- Activity -
What's wanted here is the full listing below, repeated exactly, with no images in it.

- The data -
##########
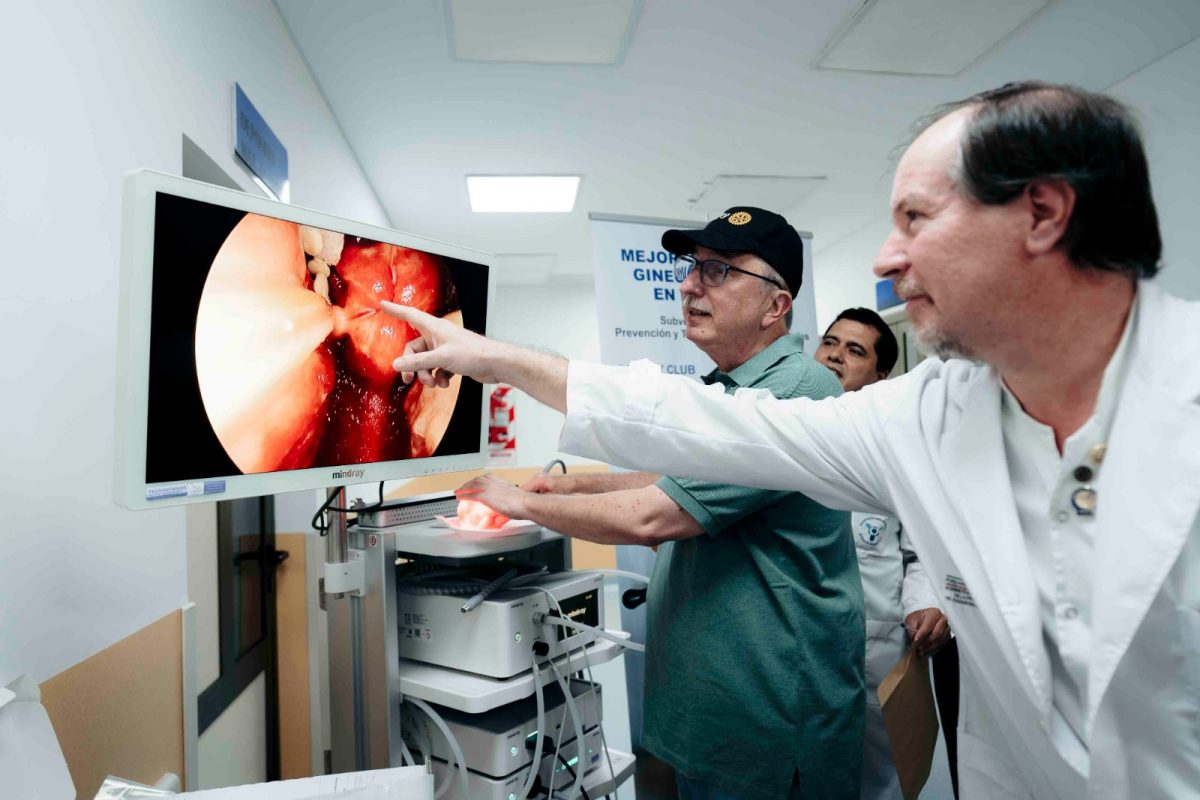 El Hospital Favaloro incorpora tecnología de videolaparoscopía para descentralizar cirugías del Madariaga 7 14 - nuevo equipo favaloro 10 - 13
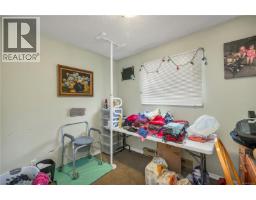 515 Oak Pl, Campbell River, BC V9W5S2 Photo 12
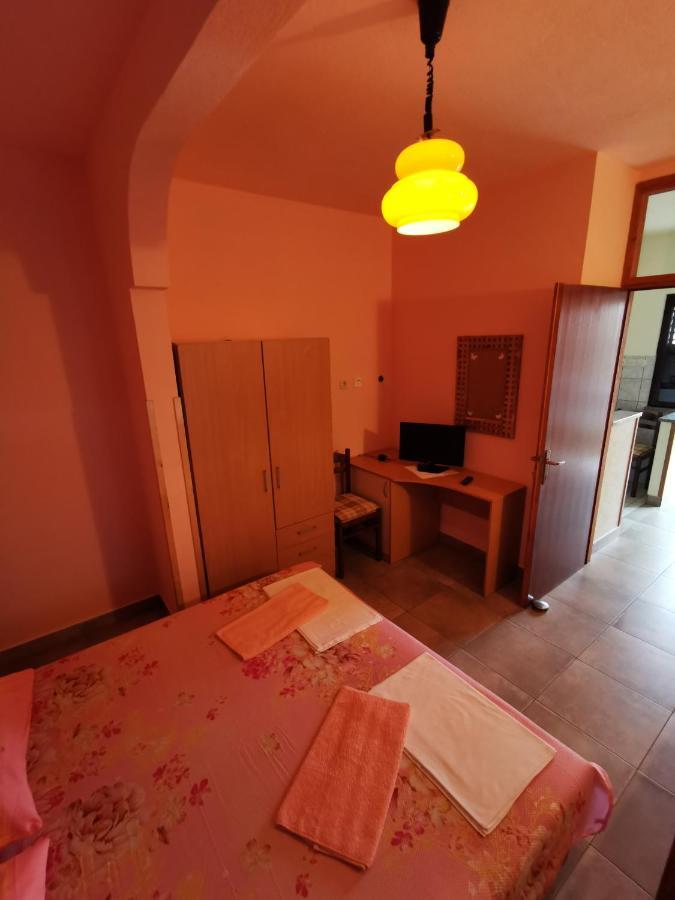 Apartmani Mate Vrban Karlobag Extérieur photo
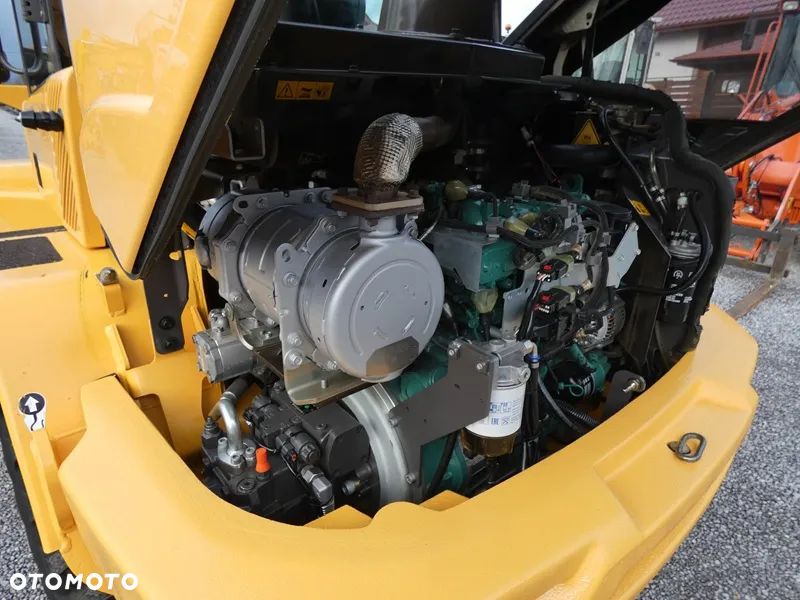 Volvo L30G Z Niemiec / 5.774mtg / kilka sztuk / - 13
##########
- Your response -
 El Hospital Favaloro incorpora tecnología de videolaparoscopía para descentralizar cirugías del Madariaga 7 14 - nuevo equipo favaloro 10 - 13
 515 Oak Pl, Campbell River, BC V9W5S2 Photo 12
 Apartmani Mate Vrban Karlobag Extérieur photo
 Volvo L30G Z Niemiec / 5.774mtg / kilka sztuk / - 13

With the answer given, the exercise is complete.